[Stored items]

•••

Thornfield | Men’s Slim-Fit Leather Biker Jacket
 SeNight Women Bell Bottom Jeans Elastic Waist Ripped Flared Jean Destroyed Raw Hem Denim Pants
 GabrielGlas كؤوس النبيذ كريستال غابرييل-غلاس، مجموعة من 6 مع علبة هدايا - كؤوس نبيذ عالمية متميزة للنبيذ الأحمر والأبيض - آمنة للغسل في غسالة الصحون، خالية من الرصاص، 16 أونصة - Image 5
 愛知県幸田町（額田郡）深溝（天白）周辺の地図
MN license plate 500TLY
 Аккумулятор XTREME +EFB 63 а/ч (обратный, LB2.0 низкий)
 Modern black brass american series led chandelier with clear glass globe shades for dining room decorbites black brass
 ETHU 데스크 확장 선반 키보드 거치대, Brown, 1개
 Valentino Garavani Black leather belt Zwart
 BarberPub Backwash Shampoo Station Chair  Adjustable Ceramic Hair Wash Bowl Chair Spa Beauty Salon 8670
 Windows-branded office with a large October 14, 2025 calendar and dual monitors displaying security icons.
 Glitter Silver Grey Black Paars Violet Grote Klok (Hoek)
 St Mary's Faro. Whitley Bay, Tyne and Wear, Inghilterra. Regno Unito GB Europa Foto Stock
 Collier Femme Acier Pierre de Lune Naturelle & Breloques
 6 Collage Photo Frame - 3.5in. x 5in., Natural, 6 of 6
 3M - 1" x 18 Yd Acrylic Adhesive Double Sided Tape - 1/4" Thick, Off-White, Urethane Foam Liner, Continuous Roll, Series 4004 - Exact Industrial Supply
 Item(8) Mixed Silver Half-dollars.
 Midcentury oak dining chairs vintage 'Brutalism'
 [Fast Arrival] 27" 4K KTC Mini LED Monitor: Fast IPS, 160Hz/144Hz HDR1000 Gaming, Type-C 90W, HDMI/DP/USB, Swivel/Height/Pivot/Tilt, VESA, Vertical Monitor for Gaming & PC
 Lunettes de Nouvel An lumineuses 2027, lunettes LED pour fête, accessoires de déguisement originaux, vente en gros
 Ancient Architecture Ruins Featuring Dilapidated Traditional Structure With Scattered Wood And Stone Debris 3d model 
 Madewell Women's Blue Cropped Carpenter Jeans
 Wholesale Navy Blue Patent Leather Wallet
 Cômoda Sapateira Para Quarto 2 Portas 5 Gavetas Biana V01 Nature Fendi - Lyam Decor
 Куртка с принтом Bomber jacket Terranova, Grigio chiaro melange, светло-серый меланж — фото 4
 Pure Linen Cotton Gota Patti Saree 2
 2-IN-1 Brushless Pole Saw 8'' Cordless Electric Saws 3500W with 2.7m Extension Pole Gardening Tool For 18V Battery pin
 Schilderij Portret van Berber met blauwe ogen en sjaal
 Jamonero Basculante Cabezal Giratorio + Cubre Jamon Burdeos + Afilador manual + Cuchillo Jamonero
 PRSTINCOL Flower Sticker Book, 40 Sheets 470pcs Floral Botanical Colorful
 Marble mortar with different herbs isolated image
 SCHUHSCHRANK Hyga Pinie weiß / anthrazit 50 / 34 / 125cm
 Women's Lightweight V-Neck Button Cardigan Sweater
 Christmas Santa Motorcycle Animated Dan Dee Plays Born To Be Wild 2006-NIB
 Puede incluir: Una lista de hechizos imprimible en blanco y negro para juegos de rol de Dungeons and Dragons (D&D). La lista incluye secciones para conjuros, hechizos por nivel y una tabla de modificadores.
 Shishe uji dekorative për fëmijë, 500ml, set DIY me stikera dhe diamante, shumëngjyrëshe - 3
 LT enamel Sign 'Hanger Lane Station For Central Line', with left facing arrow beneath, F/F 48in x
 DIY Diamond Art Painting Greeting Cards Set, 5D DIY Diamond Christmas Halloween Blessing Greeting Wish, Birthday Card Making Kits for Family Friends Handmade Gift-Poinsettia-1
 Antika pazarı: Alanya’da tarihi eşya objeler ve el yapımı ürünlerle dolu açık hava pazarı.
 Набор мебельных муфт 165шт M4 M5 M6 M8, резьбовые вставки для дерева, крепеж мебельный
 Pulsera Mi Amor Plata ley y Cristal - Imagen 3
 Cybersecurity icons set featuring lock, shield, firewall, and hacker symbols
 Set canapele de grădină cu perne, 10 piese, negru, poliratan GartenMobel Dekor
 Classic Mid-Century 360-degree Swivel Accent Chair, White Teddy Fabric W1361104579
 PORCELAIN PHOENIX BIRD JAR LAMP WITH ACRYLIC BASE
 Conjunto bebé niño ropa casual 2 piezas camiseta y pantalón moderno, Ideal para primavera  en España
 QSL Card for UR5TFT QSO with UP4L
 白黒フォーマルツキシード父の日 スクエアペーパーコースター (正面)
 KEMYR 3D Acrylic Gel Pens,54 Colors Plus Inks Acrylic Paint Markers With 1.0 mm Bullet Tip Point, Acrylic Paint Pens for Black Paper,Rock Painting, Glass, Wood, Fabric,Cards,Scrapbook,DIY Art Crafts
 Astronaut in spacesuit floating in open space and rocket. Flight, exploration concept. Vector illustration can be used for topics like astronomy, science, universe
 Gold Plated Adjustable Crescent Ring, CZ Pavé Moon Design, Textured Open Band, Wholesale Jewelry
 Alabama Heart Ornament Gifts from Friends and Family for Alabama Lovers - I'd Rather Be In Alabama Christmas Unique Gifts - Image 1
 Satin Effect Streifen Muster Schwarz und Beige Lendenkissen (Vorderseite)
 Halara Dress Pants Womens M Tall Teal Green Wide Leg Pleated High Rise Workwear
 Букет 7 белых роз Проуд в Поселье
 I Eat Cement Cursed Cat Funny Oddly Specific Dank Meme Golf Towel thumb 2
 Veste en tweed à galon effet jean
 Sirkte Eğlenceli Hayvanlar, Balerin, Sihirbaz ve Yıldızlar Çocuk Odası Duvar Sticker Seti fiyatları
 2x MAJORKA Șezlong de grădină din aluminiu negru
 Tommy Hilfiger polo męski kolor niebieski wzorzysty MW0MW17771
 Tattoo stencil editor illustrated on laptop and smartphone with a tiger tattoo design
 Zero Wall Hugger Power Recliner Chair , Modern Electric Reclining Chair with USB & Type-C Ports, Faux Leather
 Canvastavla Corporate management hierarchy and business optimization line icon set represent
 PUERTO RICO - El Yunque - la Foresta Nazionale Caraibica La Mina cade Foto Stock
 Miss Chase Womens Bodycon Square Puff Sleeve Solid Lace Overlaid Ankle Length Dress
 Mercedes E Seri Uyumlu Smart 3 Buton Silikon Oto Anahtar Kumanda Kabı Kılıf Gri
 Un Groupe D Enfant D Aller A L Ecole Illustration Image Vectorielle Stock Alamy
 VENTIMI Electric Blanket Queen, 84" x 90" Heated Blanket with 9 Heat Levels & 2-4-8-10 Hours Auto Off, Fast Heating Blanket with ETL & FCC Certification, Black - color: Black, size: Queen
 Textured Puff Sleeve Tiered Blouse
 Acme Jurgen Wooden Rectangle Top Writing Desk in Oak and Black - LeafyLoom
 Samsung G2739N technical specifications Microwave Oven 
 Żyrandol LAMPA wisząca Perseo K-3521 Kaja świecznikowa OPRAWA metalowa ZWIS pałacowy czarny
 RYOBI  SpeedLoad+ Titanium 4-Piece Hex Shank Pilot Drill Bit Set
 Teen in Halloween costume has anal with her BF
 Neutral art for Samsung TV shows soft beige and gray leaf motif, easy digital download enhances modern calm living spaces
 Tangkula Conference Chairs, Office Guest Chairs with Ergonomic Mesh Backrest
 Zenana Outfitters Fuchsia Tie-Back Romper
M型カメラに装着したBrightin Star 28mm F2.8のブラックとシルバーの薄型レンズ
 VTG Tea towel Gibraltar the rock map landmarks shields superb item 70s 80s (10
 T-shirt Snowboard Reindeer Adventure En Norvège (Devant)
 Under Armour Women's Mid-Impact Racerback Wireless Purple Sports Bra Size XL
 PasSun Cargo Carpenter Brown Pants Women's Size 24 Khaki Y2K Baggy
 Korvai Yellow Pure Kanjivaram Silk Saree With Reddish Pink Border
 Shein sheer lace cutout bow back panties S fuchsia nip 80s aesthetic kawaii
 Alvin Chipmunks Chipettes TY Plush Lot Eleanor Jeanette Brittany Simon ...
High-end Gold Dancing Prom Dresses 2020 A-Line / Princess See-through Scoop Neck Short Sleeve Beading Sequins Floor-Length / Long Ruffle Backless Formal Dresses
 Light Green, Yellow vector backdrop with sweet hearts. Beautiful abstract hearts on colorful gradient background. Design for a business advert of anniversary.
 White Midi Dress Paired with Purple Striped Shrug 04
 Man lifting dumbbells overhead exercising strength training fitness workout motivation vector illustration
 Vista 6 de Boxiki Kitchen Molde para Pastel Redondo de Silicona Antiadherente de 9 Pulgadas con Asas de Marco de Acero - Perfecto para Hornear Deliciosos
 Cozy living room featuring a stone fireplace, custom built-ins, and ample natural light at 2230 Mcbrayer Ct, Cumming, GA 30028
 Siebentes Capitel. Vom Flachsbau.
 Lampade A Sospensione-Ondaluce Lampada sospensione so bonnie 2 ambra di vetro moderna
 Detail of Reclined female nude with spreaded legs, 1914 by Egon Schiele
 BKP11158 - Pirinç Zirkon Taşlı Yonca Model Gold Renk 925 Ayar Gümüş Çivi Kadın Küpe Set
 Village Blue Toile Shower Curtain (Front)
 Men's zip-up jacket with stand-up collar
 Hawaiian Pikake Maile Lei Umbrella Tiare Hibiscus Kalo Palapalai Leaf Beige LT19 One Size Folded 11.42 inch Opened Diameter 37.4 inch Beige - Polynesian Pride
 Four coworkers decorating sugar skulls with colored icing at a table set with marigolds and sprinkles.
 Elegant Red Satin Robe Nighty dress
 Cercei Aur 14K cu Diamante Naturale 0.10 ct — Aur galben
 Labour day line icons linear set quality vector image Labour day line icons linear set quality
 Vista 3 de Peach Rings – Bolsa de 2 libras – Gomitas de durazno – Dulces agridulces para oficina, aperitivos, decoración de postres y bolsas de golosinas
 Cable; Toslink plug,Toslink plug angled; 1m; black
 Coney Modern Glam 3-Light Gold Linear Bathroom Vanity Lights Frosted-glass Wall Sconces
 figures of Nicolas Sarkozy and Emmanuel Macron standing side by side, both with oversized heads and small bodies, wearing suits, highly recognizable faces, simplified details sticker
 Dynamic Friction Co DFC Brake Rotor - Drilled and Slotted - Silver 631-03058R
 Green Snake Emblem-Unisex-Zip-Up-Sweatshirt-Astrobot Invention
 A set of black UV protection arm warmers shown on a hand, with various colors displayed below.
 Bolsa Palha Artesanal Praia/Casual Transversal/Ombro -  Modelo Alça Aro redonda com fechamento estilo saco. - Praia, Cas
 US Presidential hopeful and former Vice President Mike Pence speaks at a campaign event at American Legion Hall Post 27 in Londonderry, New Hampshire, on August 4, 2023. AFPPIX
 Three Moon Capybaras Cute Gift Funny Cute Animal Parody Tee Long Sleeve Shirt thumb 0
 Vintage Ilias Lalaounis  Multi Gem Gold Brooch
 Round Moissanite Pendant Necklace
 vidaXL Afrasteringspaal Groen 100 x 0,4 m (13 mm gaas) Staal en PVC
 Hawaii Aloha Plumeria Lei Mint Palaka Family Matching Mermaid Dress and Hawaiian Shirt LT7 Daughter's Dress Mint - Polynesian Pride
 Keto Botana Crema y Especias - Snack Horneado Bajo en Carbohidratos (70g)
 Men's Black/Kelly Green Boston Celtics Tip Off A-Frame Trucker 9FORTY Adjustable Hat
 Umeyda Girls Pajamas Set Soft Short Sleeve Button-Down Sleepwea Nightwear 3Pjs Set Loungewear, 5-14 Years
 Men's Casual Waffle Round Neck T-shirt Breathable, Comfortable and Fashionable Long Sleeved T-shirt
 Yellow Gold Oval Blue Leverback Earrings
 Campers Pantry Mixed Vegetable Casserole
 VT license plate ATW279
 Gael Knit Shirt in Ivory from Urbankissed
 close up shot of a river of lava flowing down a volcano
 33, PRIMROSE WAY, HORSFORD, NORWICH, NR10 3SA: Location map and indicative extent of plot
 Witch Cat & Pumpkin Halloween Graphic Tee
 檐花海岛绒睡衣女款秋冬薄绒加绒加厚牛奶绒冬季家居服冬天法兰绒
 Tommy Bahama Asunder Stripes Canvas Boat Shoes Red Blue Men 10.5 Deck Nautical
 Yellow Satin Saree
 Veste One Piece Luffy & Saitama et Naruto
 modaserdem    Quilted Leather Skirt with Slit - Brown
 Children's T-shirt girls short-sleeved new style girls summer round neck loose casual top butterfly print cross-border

•••

» Work order
What you return must be an exact retyping of the lines above starting at the line with "Acme Jurgen Wooden" and ending at the line with "Teen in Halloween", and nothing besides.

» Result of the task
 Acme Jurgen Wooden Rectangle Top Writing Desk in Oak and Black - LeafyLoom
 Samsung G2739N technical specifications Microwave Oven 
 Żyrandol LAMPA wisząca Perseo K-3521 Kaja świecznikowa OPRAWA metalowa ZWIS pałacowy czarny
 RYOBI  SpeedLoad+ Titanium 4-Piece Hex Shank Pilot Drill Bit Set
 Teen in Halloween costume has anal with her BF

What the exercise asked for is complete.